SELECT SUM(so1.[schema_id]), so1.[type_desc], so2.[type_desc]
FROM sys.objects so1
CROSS JOIN sys.objects so2
CROSS JOIN sys.objects so3
CROSS JOIN sys.objects so4
CROSS JOIN sys.objects so5
WHERE so3.[create_date] <> so4.[modify_date]
GROUP BY so1.[type_desc], so2.[type_desc], so5.[name]
ORDER BY so2.[type_desc], so5.[name] DESC;

And finally, in a 4th tab, after kicking off the first 3, I ran the following to monitor the system:

SELECT * FROM sys.dm_os_schedulers WHERE [scheduler_id] = 0;

SELECT *
FROM sys.dm_exec_requests
WHERE [scheduler_id] = 0
AND [status] <> N'background'
ORDER BY [status] DESC, session_id;

The status for the 2 sessions running the SQLCLR function was always "running" and the status for the session running that ugly query in tab 3 was always "runnable". But just to be sure, running that ugly query again, when neither of the SQLCLR functions was executing, took the same 1 minute and 14 seconds that it did when running concurrently with the 2 sessions running the SQLCLR call to the web page that was sleeping for 60 seconds.

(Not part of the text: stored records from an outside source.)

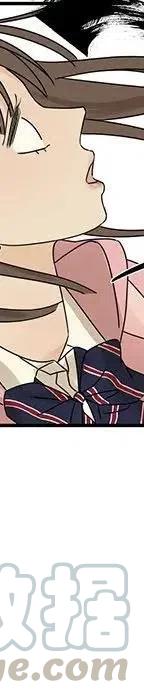 54428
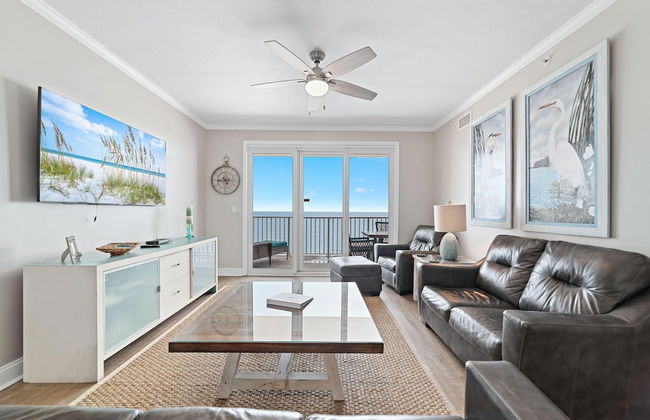 Windemere 1003 - Foto 19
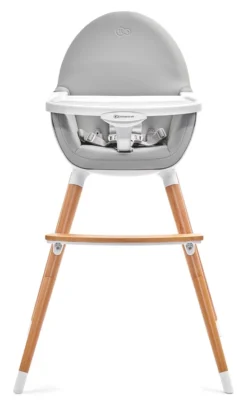 Kinderkraft Fini Grey 2-in-1 Kinderstoel KKKFINIGRY0000 11 Kinderkraft Fini Grey 2-in-1 Kinderstoel KKKFINIGRY0000 -LiefjesHoek Verkoop kinderkraft fini grey kinderstoel kkkfinigry0000 3 1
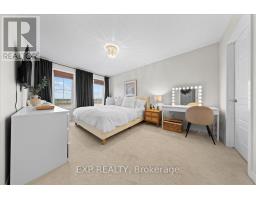 615 Quilter Row, Ottawa, ON K0A2Z0 Photo 22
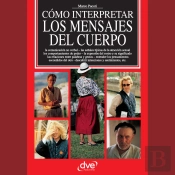 Cómo Interpretar Los Mensajes Del Cuerpo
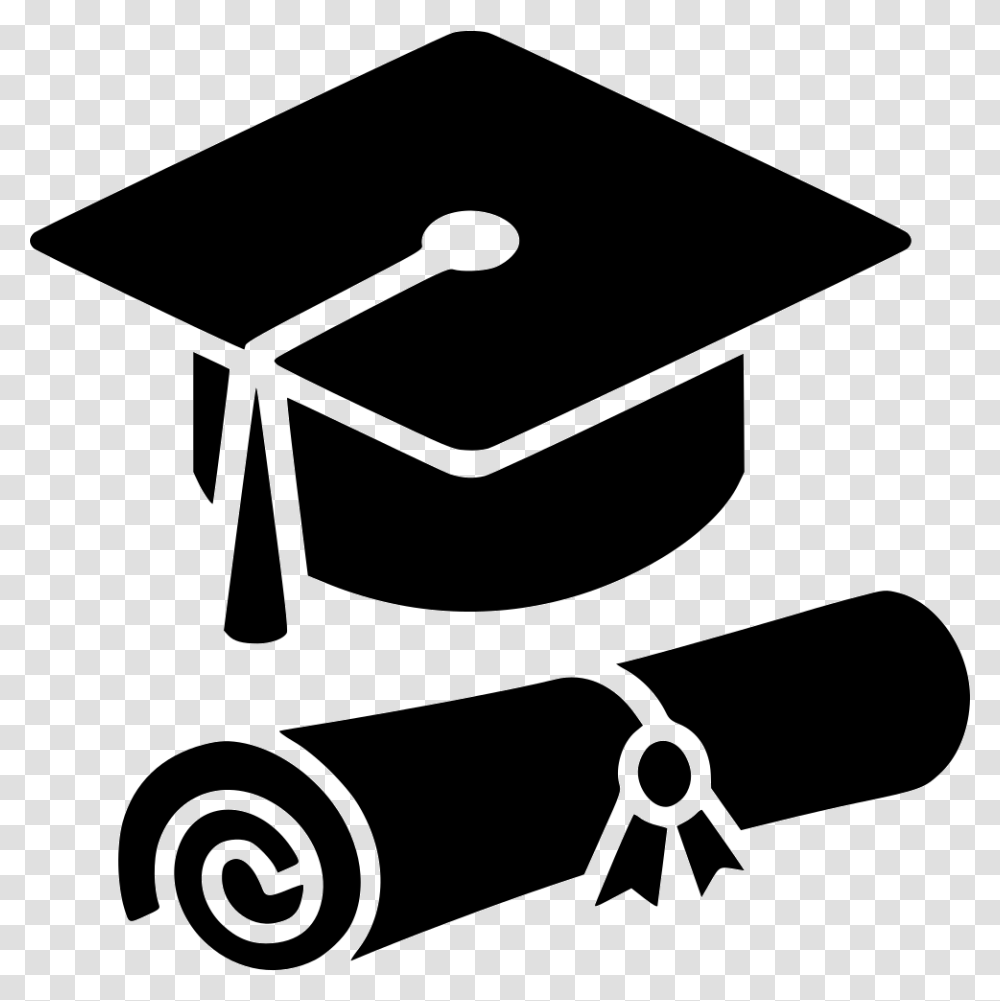 Grade Graduation, Stencil, Label, Axe Transparent Png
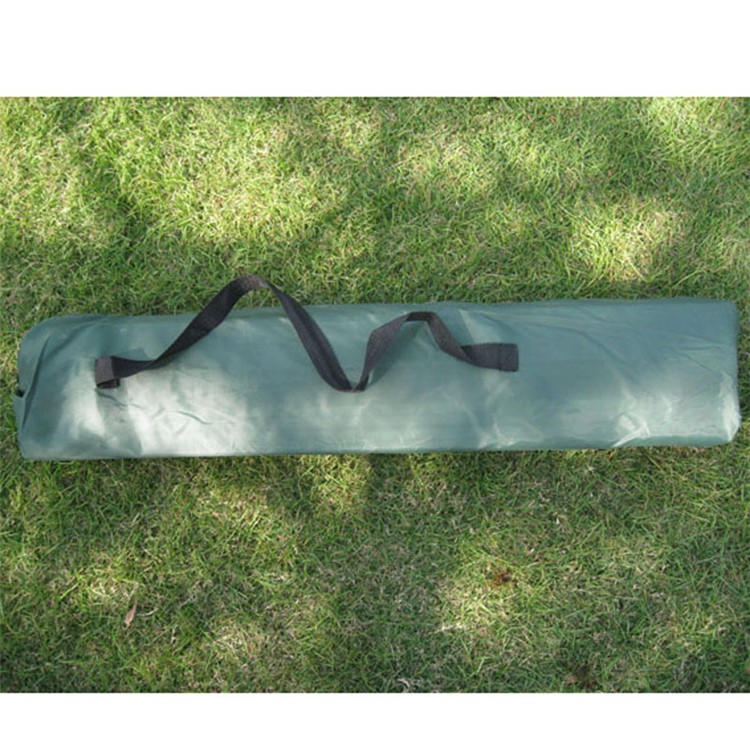 AUTO AT6701 Portable Ultra-light Aluminium Alloy Folding Table for Home Outdoor Use-6
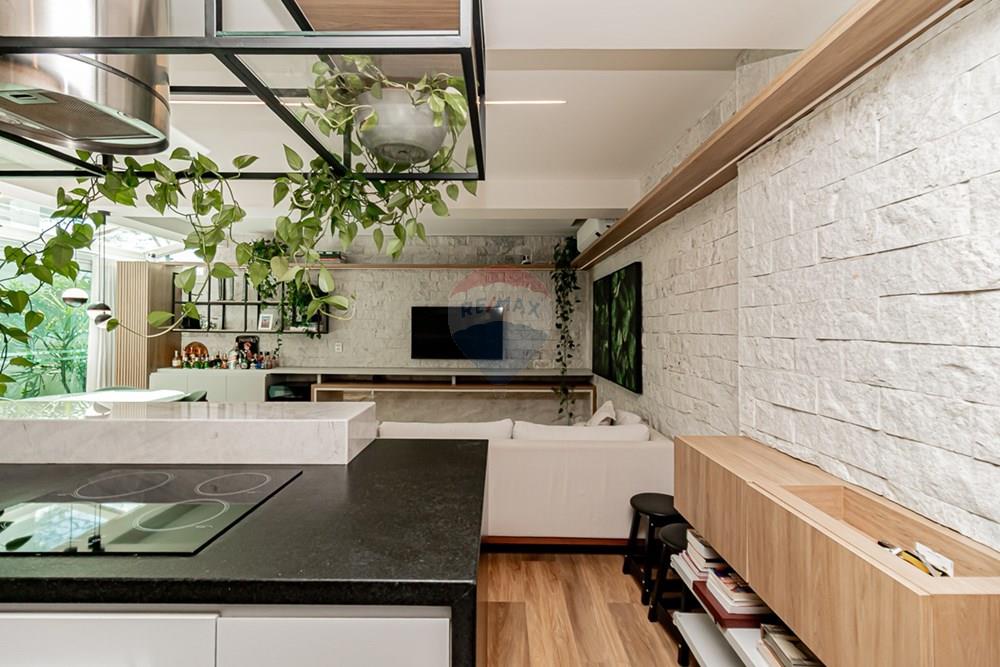 Apartamento - Venda - Porto Alegre , Rio Grande do Sul - IMG_3254.jpg - 610221003-318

Please do not infer that there is no cost to running the SQLCLR code to make the web calls. Since those threads were busy the whole time, if the system was busy then it would have reduced the ability for SQL Server to allocate those threads to complete other queries faster. But it does seem safe to conclude that, at least on systems with low to moderate load, the benefit gained by adding the threading doesn't seem to be worth the cost of increased complexity (especially since now there is a not-yet-reproducable problem to debug).